Our study emphasized the hard physics, but made minimal attempt at
modeling most of the nonperturbative soft physics.  For example,
general belief is hard, pure hadron induced, diffractive processes
are subject to a weakly $\sqrt{s}$-dependent
suppression factor \cite{regmod,Bjorken:1993er},
which represents the probability for the rapidity gap(s) not to be
filled by extra exchanges of pomerons and gluons between the particles
in the model which have very different rapidities.
Such absorptive corrections potentially can be treated by the methods
developed in \cite{regmod}.  In \cite{Martin:1997kv}, they used
the approach of \cite{regmod} and \cite{kmrabsorb} to estimate the absorptive
correction factor for the DPE dijet process and at
$\sqrt{s} = 1800$ GeV found it to be $\sim 0.06$.  For our calculations,
this factor is meant to
multiply the results in Table 1.  
%Including this correction factor, the F(IS)DPE ACTW SG model
%total cross section agrees with CDF although is one
%order of magnitude larger than D\O\-1800.

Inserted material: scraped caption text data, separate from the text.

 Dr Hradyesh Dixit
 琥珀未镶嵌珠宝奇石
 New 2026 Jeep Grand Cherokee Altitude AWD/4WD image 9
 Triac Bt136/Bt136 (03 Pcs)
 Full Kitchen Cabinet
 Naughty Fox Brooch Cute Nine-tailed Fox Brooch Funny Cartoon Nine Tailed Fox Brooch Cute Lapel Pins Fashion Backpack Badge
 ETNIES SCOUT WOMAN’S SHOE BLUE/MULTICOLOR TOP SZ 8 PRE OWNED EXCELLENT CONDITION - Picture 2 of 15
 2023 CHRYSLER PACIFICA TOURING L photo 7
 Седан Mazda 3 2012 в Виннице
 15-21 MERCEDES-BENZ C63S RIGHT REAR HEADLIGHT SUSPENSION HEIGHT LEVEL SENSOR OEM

For the N(L)DPE model, also not treated here is modifications of the
two gluon exchange model with LLA ladder evolution of gluons.
A model for this was given in \cite{Martin:1997kv}.
Their model amounts to including in the N(L)DPE dijet amplitude
two factors of gluon densities evaluated at
$x_{{\pom}/p}$ and $x_{{\pom}/{\bar p}}$.
This modification has interesting consequences.  For example,
maintaining the same procedure to normalize the DPE dijet
amplitude with respect to the elastic $p {\bar p}$ cross section,
the N(L)DPE cross section with this modification
then will be $1-2$ orders of magnitude
smaller.
This arises because the normalization constant is
fixed for elastic scattering process,  where 
$x_{{\pom}/p,{\bar p}}^{\rm elastic} \sim {\bf l}_{\perp}/\sqrt{s}$ 
is small
since ${\bf l}_{\perp}$, the transverse momentum of the outgoing
hadrons, is $\sim 1$ GeV.  For example at $\sqrt{s}=1800$ GeV,
$x_{{\pom}/p,{\bar p}}^{\rm elastic} \sim 0.0006$.
On the other hand, for the
N(L)DPE process the typical 
$x_{{\pom}/p,{\bar p}}$ are $\sim 0.01$.
These are much larger, which implies a
decrease of the
gluon densities relative to the elastic scattering situation. 
This provides an additional suppression
compared to the same model with no gluon densities.  
In \cite{Martin:1997kv},
the exclusive double diffractive dijet model is the same as
our N(L)DPE model here, except for the inclusion of
gluon densities in their model.
It is due to the effect of these densities 
that their model predicts cross sections
$1-2$ orders of magnitude smaller than ours.

Another effect of the gluon densities is the N(L)DPE $E_T$-spectra
will fall faster with $E_T$. The reasons for this are the same as
explained
in Sect. \ref{sect4} for the F(IS)DPE models.  In short, higher $E_T$
requires larger $x_{{\pom}/p,{\bar p}}$ which in turn implies smaller
gluon densities.  This effect will be less pronounced for the N(L)DPE
models versus the F(IS)DPE models, since the argument of the gluon
densities in the former always remain small,
$\stackrel{<}{\sim} x_{\pom}^{\rm max} \sim 0.1$
whereas in the latter it ranges up to $\sim 1$, where the maximum
diminution of the gluon densities occurs.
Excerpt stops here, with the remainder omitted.